You can judge for yourself just how controversial the speech was.

Black people being disproportionately and spuriously detained by police; candidates with “black”-sounding names being passed over for jobs; black families being trapped in cycles of poverty by red-lining and mass incarceration and forced to send their children to unsafe, impoverished schools – whatever your feelings about our current first lady, these are not opinions. They are facts. Acknowledging them should not be radical. They are simply true, and you either care about them or you don’t, and this is not up for discussion.

And as for whether or not you can ever “be enough” for some folks, just look at the internet’s response to an erudite, beautiful, Ivy League-educated black lawyer-turned-first-lady-of-the-United-States stating (almost understating, even) the undeniable fact that racism still exists: “boo hoo.you can get the fuck out anytime you want cunt. Quit whining about how much this country hates you. YOU DON’T MATTER.”

Certain white people, it seems, are so fragile when it comes to discussions of race, they’re not even capable of absorbing and accepting basic, observable truths. Forget nuance. Forget dialogue, Lindy West wrote on the British Guardian Newspaper’s website.

The depth of white denial – of what’s happening right in front of us, and has been happening for centuries – is nauseating. A friend of mine, who grew up a sharecropper on a plantation in the deep south, put it to me the other day: “I’ll never understand it. Everything that black folks have put up with and swallowed over the years – and white people are mad at us? Scared of us?”

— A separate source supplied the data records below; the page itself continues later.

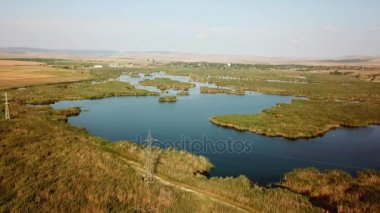 Kuzey Dobrogea - Romanya bulunan traian Gölü tabiatı 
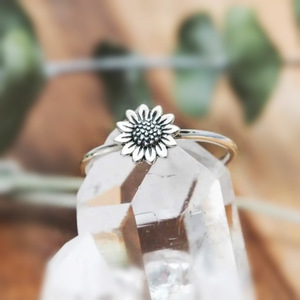 Anello Girasole per Donne, Stile Artistico Fresco, Accessorio per Dito Indice - Product Image 4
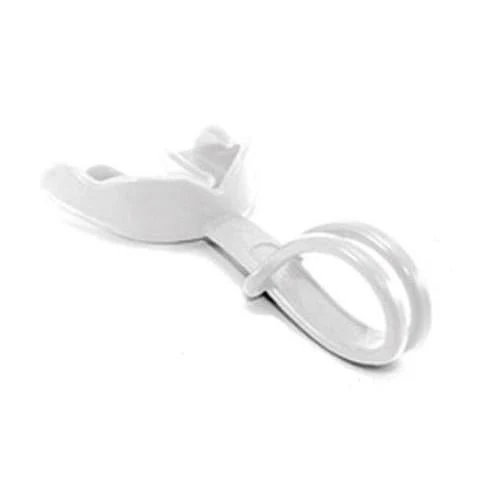 White Mouthpiece (EI) w/Strap - Image 2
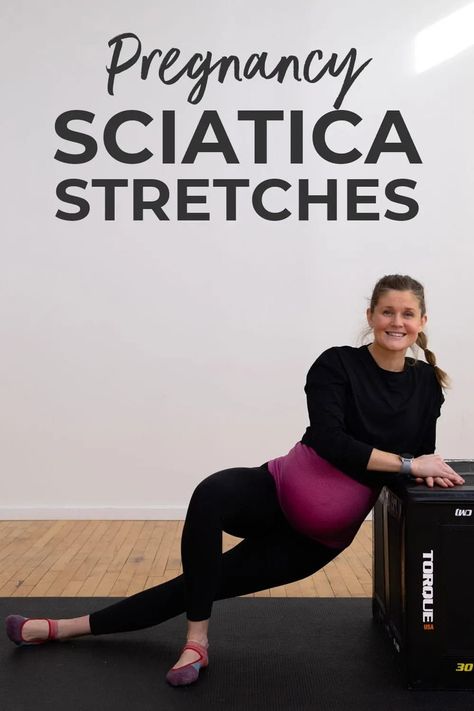 7 of the BEST sciatica stretches to relieve pain! This guided 10-minute stretch is designed to reduce pain in the hips, legs and low back by RELEASING the piriformis muscle, which can pinch the sciatic nerve. These are also great pregnancy sciatica stretches, and safe for all trimesters of pregnancy! Sciatica Stretches Pregnancy, Pregnancy Stretching, Baby Stretches, Relieve Sciatic Nerve Pain, Tooth Nerve Pain Relief, Pain Video, Posture Tips, Sciatic Nerve Stretches, Nerve Relief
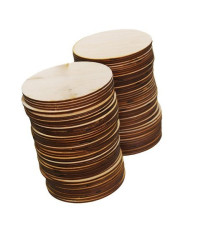 Plywood 200x3.0 mm - Round - Board for Carving and Laser Cutting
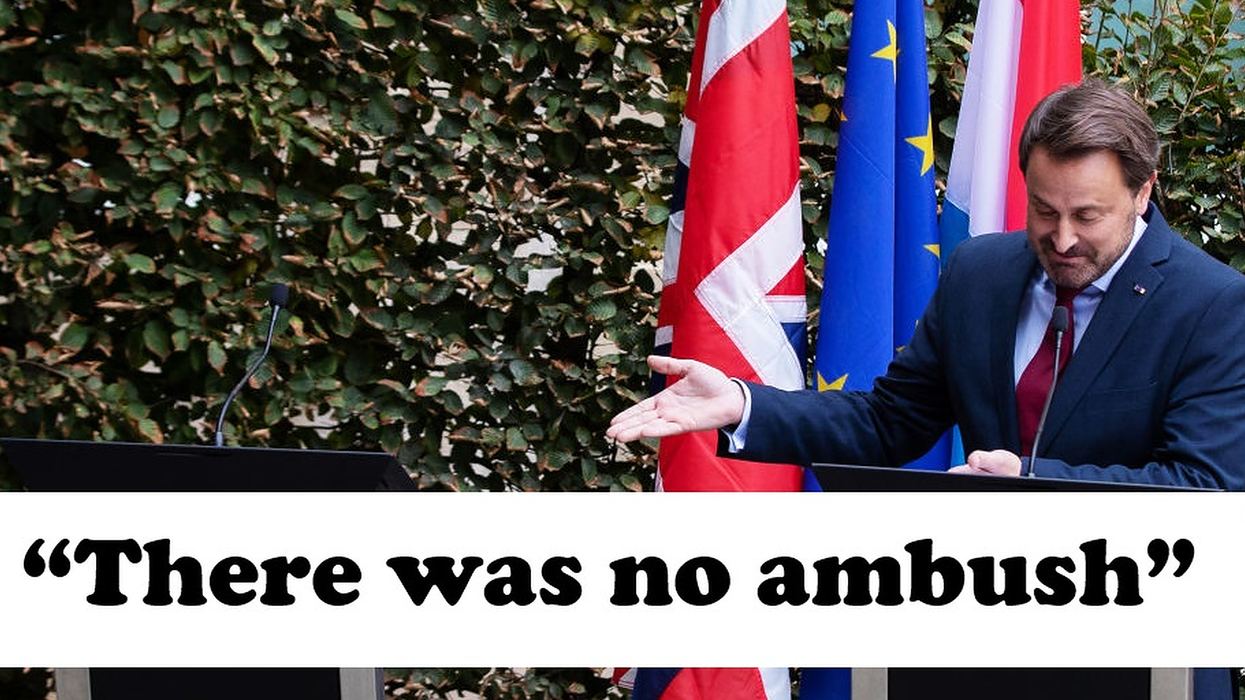 Protestor reveals what really happened to Boris Johnson in Luxembourg
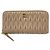 Cartera larga Miu Miu Matelassé Pink Beige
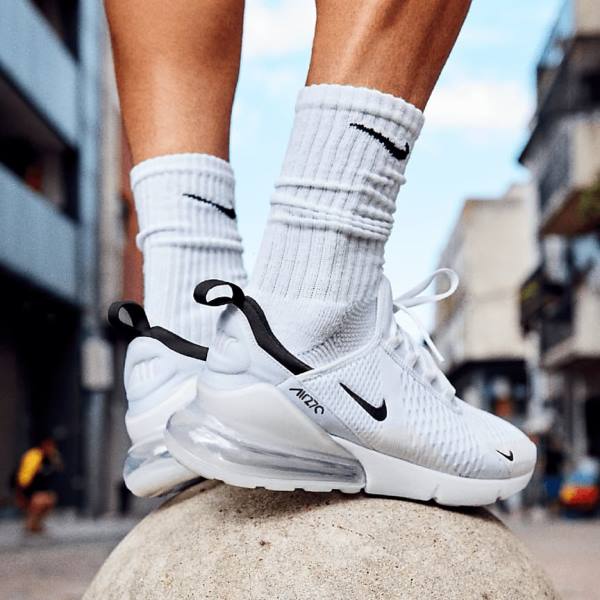 Nike Air Max 270 Sneakers Heren Wit Zwart | NK873RVU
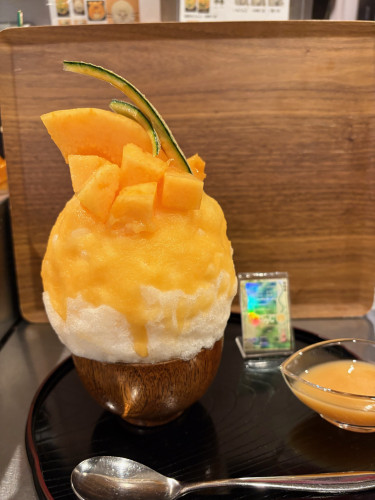 赤肉メロンかき氷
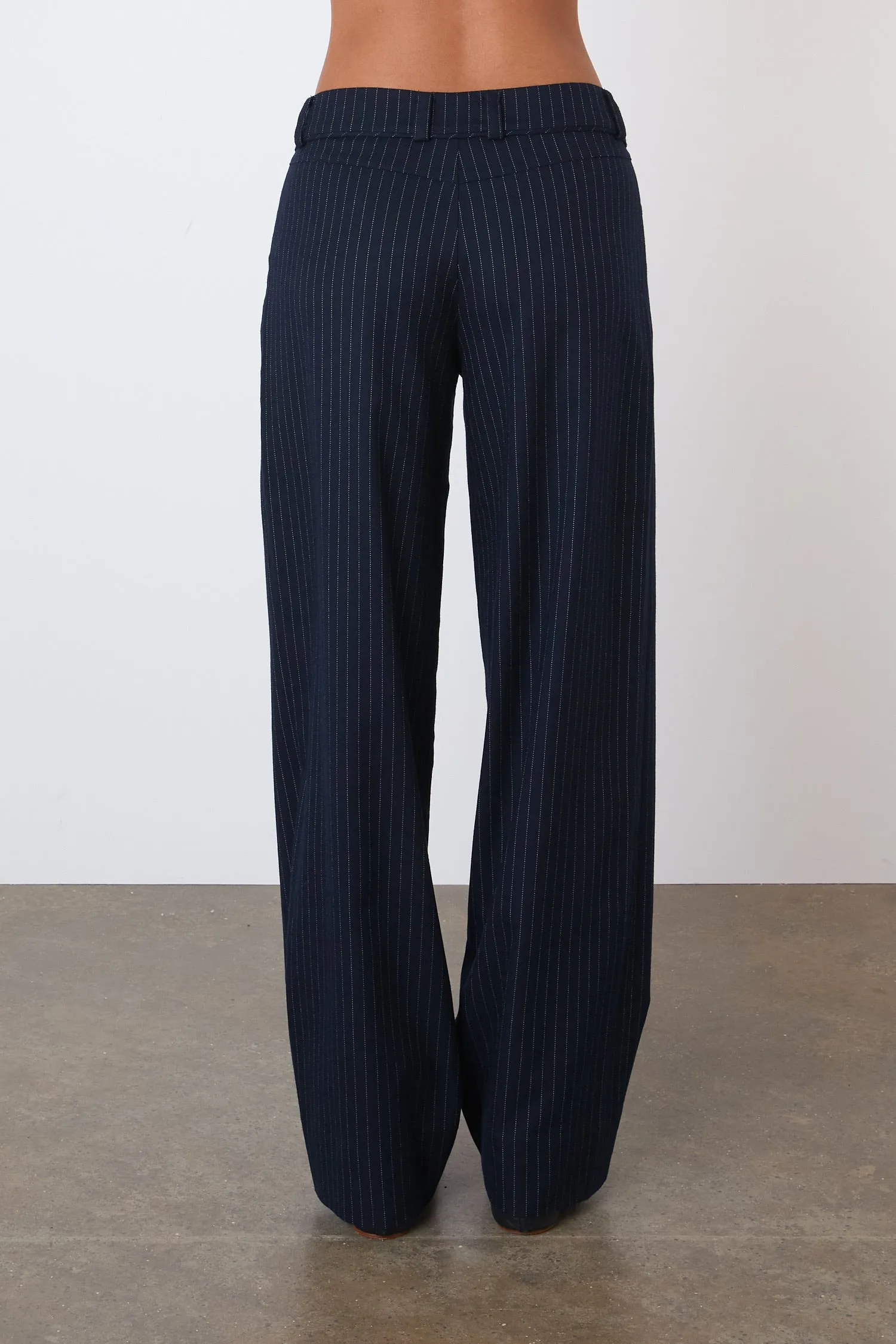 The Bardot Trousers, Ink sold by Peachy Den product image thumbnail 4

Here’s more from the first lady: “And all of that is going to be a heavy burden to carry. It can feel isolating. It can make you feel like your life somehow doesn’t matter – that you’re like the invisible man that Tuskegee grad Ralph Ellison wrote about all those years ago. And as we’ve seen over the past few years, those feelings are real. They’re rooted in decades of structural challenges that have made too many folks feel frustrated and invisible. And those feelings are playing out in communities like Baltimore and Ferguson and so many others across this country.”

Obviously Michelle Obama can do whatever she wants with the remainder of her husband’s term (a good portion of her speech emphasises as much), but I hope this is a harbinger of things to come. How impactful would it be if every speech from now until the end of the Obama presidency used this as a baseline?

Of course America is not the only place on earth where black humans are regarded as sub-human. The latest struggle elsewhere is in Japan, where a beauty contest winner is being rejected by elements of her Japanese society because she carries a black man’s genes.

Ariana Miyamoto

Ariana Miyamoto

A report on this subject was found on a webste: Japan‘s newest beauty queen is fighting back against critics inside the country arguing that she is a foreigner because the 20-year-old is half African American. Ariana Miyamoto was born in Nagasaki, Japan, on May 12, 1994, from a Japanese mother and an African-American father.

Miyamoto won the Japan Miss Universe title on March 12, 2015, and her victory instantly stirred controversy on various websites and social media platforms from the Japanese public questioning her eligibility in representing their country.

“Is it okay to select a hafu [bi-racial] to represent Japan?” one Twitter user wrote, according to the Japanese cultural news website Kotaku, while others said she didn’t look Japanese and that her face was “too gaijin [foreign].”

In response, Miyamoto said she wasn’t surprised because she was a target of discrimination when she was younger. Now, she wants to raise awareness against racial discrimination, according to an interview with Bloomberg.

“If there hadn’t been this kind of criticism, there would be no point in me competing,” she said, adding, “I don’t want to ignore it. I want to change those people’s attitudes.”

“Change happens slowly in Japan, but it does happen,” blogger Brian Ashcraft wrote on Kotaku.  Miyamoto will be competing in the 2015 Miss Universe contest.